20mph national speed limit by accident

Public supports sees lower limits growing coverage

The 20mph speed limit in built up areas is fast becoming the national norm.

That is the conclusion of the campaign supporting local adoption nationally – 20’s Plenty For Us.

“It is becoming increasingly clear that the national 30mph limit set nearly 100 years ago is neither wanted nor is fit to serve the needs of 21st century communities.”

Local support

Calls from communities across the UK for wide-area 20mph speed limits are increasing. It means the campaign is approaching the significant milestone of 600 local areas have adopted the speed limit.

Already this year, 42 new places have decided that ‘20 is plenty’ for their communities.
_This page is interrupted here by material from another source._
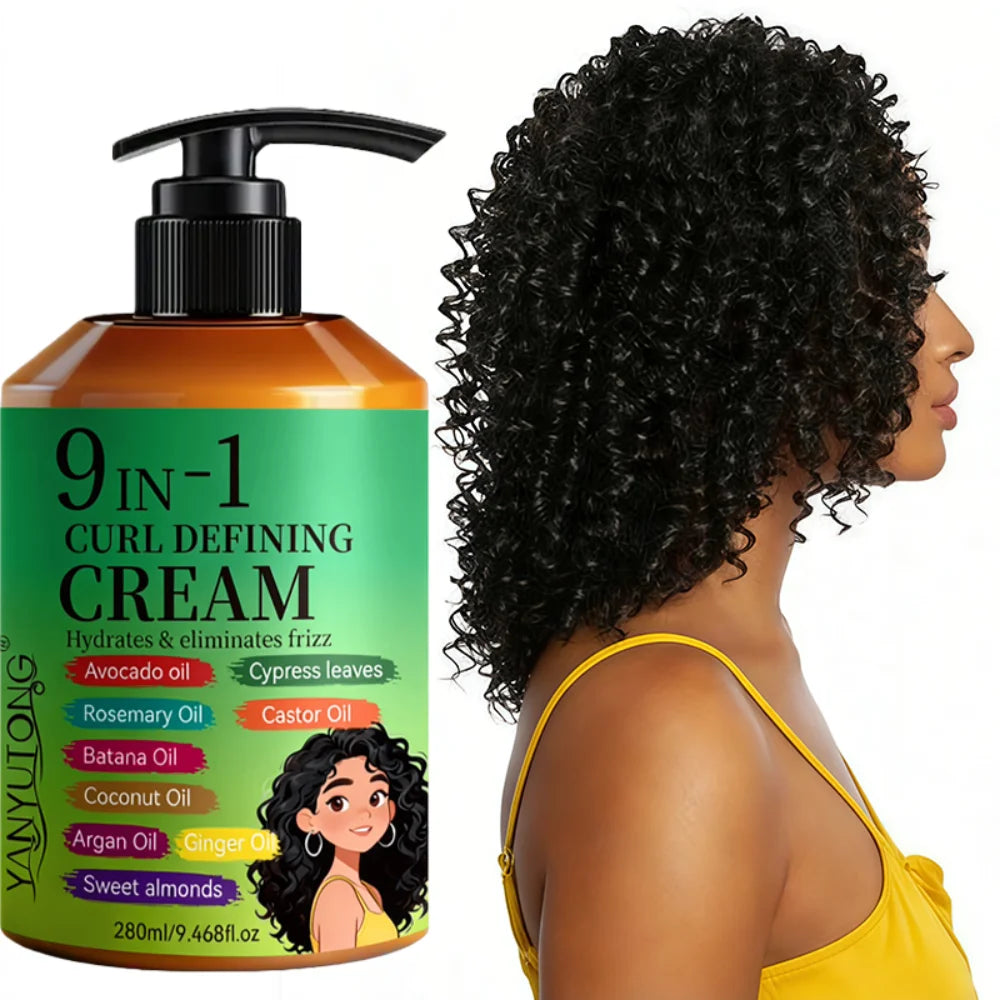 Curl-defining cream with curly hairstyle examples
Demand witnessed a significant increase in interest during the last quarter of 2021. It seems to reflect a growing influence by county level campaigners, as well as parish and town councils voting for wide-area 20mph speed limits.

The call for lower speed limits from residents comes from across the country. From smaller towns and villages to urban centres, safer community environments are in demand. Some of this renewed interrest was sparked by lockdowns as people spent more of their time at home.

Growing numbers

28 million people across the UK already live in local authorities where wide area 20mph speed limits are the norm.  Wales is leading the way by setting a 20mph national default limit on urban and residential roads (due in 2023). This is aligning with the global best practice outlined by WHO and the UN2. These call for 20mph (30kmh) to be the maximum speed limit on roads where vulnerable road users mix with motor vehicles.

Scotland too, is following the trend –  all appropriate roads in built up areas will have a limit of 20mph by 2025.

But the movement seems to be accelerating its success across Britain. New cities and towns (Southampton, Faversham) and shire county local authorities (Oxfordshire and Cornwall) are among them.

Health and happiness

There is a growing awareness of the important role that lower speeds play in reducing danger. But there are other benefits too. It easier and safer to choose walking and cycling over car journeys for local trips. There are significant reductions in air and noise pollution resulting in a positive impact on physical health, from heart conditions to and lung disease.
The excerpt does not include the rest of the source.